- [PROBLEM TO SOLVE]: Could you copy exactly the lines below from the one with "Bernache du Canada" to the one with "Seagull 2025 305km Vitality Edition Seagull", inclusive, leaving out any pictures?

- [RECORDS FOR THE TASK]:
# # #

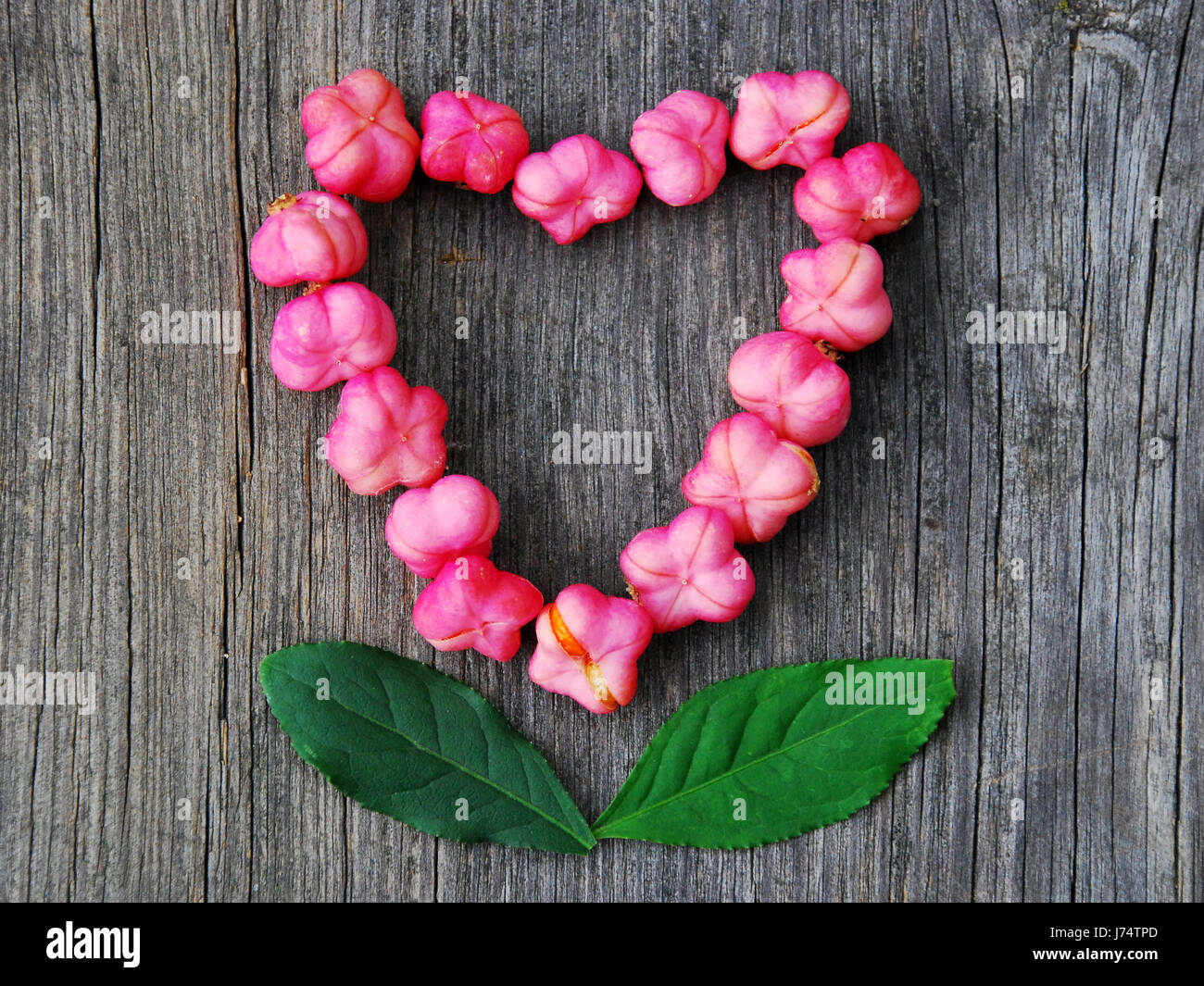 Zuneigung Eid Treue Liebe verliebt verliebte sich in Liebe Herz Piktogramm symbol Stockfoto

# # #

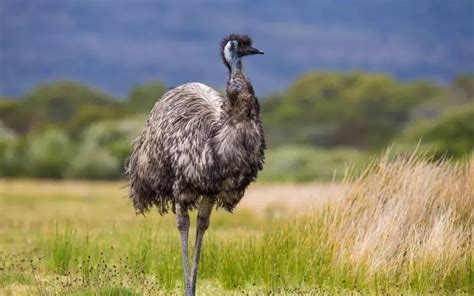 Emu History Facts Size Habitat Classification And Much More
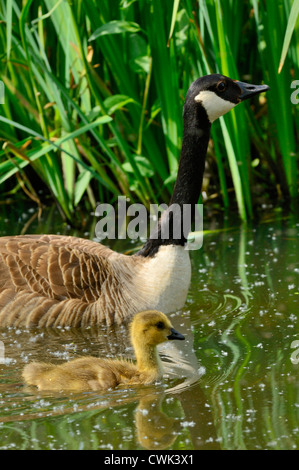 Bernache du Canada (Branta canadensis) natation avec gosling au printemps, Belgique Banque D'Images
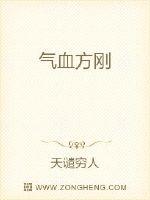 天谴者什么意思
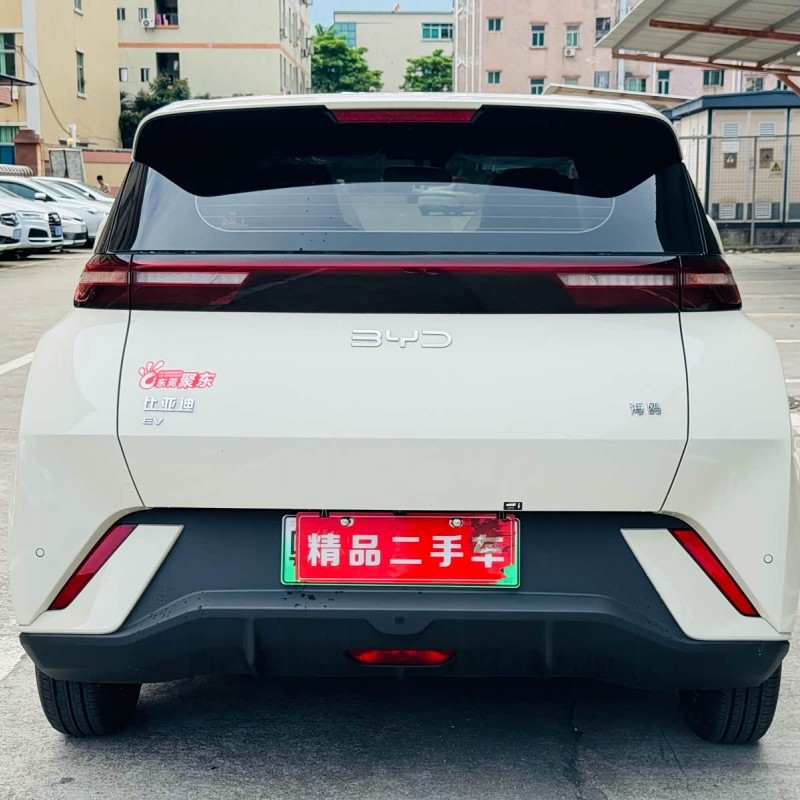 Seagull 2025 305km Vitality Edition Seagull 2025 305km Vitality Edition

# # #

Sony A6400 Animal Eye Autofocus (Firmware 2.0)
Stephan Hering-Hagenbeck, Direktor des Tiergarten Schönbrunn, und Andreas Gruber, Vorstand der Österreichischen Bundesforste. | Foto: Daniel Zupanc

# # #

- [WRITTEN ANSWER]:
 Bernache du Canada (Branta canadensis) natation avec gosling au printemps, Belgique Banque D'Images
 天谴者什么意思
 Seagull 2025 305km Vitality Edition Seagull 2025 305km Vitality Edition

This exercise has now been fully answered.